Мне, как всегда, казалось, что я пришел в самое неподходящее время. Впрочем, они находились в ссоре всякий раз, как я появлялся у них. Может быть, эта семейная рознь была для них нормальным, привычным состоянием? Видимо, Нилима по моему лицу угадала, что мне надоела их перебранка. Взглянув на меня, она заметила:
— Вот, так я и знала, что сегодня у нас будет скандал… Ну, скажи, пожалуйста, куда я теперь гожусь, как мне встречать гостей? А ведь что они увидят здесь, в таком же духе и напишут свои рецензии. Возьми себя в пример — не будь ты нашим другом, что подумал бы ты обо мне и что написал бы в газету, послушав наши разговоры?
— Что тебе за дело — кто и что напишет? — возразил я. — Ты много работала над своими танцами, а теперь решила показать их. Будем надеяться, что представление окажется успешным. Притом оно и не последнее, я думаю. Неужели твоя судьба определится одним-единственным выступлением? А какое значение имеет то, что понапишут в газетах, ты и сама знаешь не хуже моего.
— Ха-ха! — воскликнул Харбанс. — Кому ты это говоришь? Чему же еще, по-твоему, она придает значение, как не газетной трескотне? Пойми, танец для нее вовсе не цель, а средство. Она только и ждет, чтобы газеты вышли с восторженными рецензиями, чтобы о ней заговорила вся столица, чтобы люди, встретив ее на улице, показывали бы пальцами и говорили: «Вот она, наша знаменитая Нилима! Смотрите скорей!»

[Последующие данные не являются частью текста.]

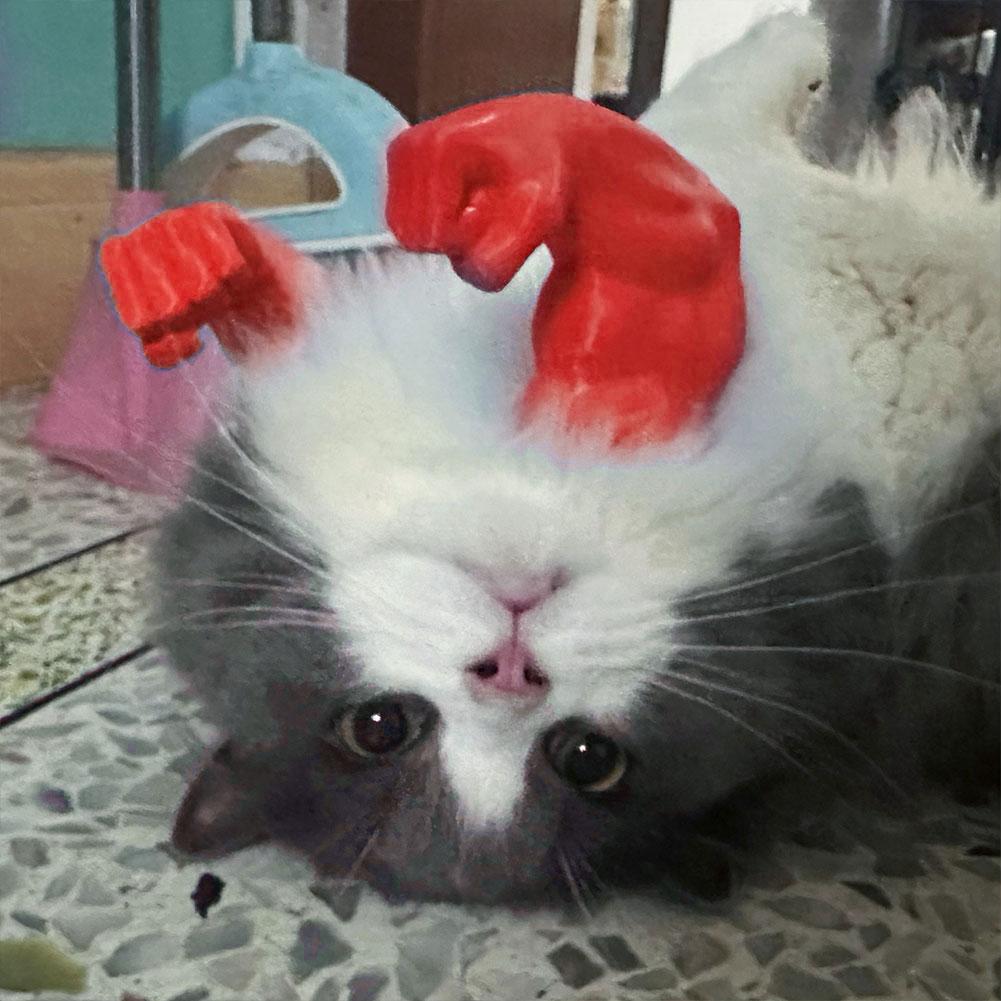 Кошачьи мускулистые руки 3D-печать Креативный смешной кот Подвесной декор на шею Аксессуары для костюма питомца для косплея на Хэллоуин, вечеринку по случаю дня рождения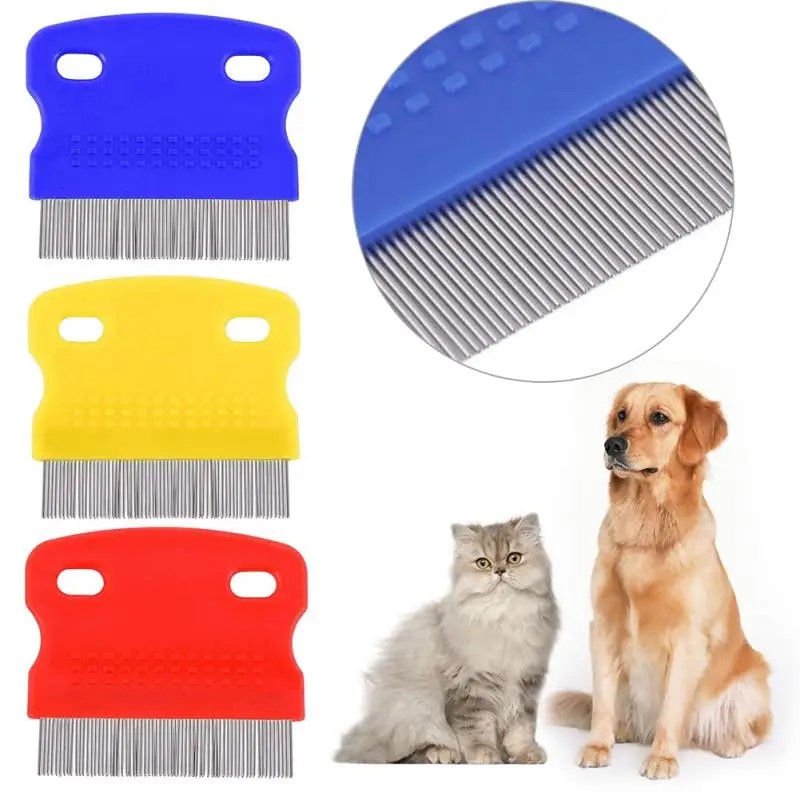 Pet Cat Flea Removal Comb Dog Grooming Comb Flea Tear Stains Removal Comb For Dogs Cats Needle Row Comb Lice Brush Pet Supplies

— Да, это моя главная цель! — закричала Нилима. — Я не являюсь, подобно тебе, земным воплощением Будды, которому ни до чего дела нет. Конечно, для тебя все это не имеет значения. Ты всегда доволен своей жизнью, как бы она ни складывалась. А я не могу жить в такой рутине, в такой духоте! Я хочу чего-то добиться в жизни…
— И этого «чего-то» ты добьешься с помощью газетных статеек? — Харбанс потер рукой лоб.
Лицо Нилимы вспыхнуло еще жарче.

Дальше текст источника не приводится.